I'm at Startonomics in San Francisco, where you can see the live streaming of all sessions and live blog. The session content will also be available afterwords. Great event, I got a chance to meet old buddies from other SF events, meet new people like Scott Rafer, as well as meet local startups and talk to them about technologies. Don't know if it's just my opinion, but Ruby seem to be a very popular and enjoyable language to use, fast to learn, fast to deploy, and fun all around. The great foodies of SF are now in the startup business including TastyR - SF restaurants review, TCHO - a new delicious chocolate startup, try it out while at the event.. yammy and I'm not even a chocoholic. And of course we're here to educate startups on the Sun's Startup Essential program. A few offerings like VC Connect and discounted storage for those who're storing large media file are getting a lot of momentum.
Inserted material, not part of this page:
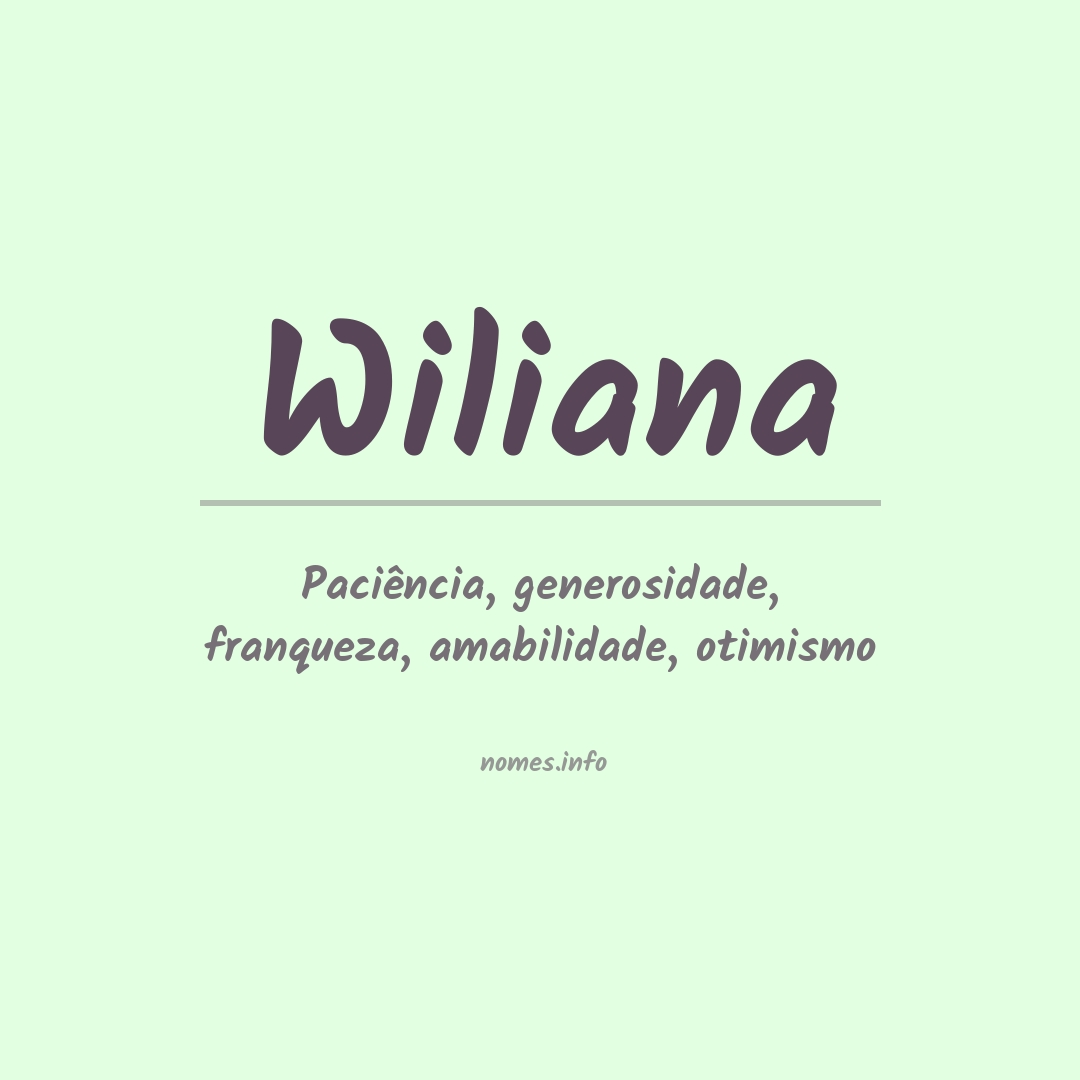 Significado do nome Wiliana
Guess where the SF startups and bloggers are going next.. Amsterdam Blog 08 Rockstar of the Web

 
 
 
 

Cybera Summit '08 in Banff


Any innovator got inspired after attending Cybera event that took place at the picturesque Fall setting in Banff, Canada. The summit gathered Alberta's researchers across national institutions, startups, and entrepreneurs to discuss innovation, trends, challenges, and the future of the Cloud Computing. Among topics we've covered were Grid, Cloud, Open Social and Social Networking, scientific computing and its evolution, how today's technology help us to be more productive, be more social, and nevertheless be aware of the privacy and other risks that are still being addressed as we speak. We had an interesting panel, that I was part of, discussing trends of Cloud Computing, whether it's relevant to us and how startups, end users, corporations and researches view and participate in the trend. A few times, the discussion turned into an open forum with the audience expressing their opinion and impact of modern technology on society as well as the role of the government, particularly in Canada. Interestingly, in Canada, unlike in the US, government plays a significant role in connecting with startups, helping with funding, and jointly working on innovation. I think it is a great way to boost the technology advancement in the local community.
 
 
 
 

FB and OpenSocial App'n Development Meetup


The Facebook and OpenSocial meetup last night was a nice networking event and the organizers hosted a presenter of one of the most popular (#5) Facebook apps. The topic spanned across various aspects of the Facebook application development and specific features of Green Patch. That included user self-expresssion, ability to obtain credit for caring for someone's patch, and its eco-friendly motif with regards to helping the environment and help in case of the natural disasters. David King, who is the main author of the app, gave audience a perspective on the evolution of the app and how end users steered the original features and designed towards what the site is today. There are over 5mln users of the app which is pretty cool. He also addressed some of the technical aspects of the application with regards to its architecture and technology utilized. It includes PHP, MemchacheD, MySQL, LightHTTPD ("lighty"), and the app is deployed on Amazon EC2 cloud with some usage of S3 for image caching.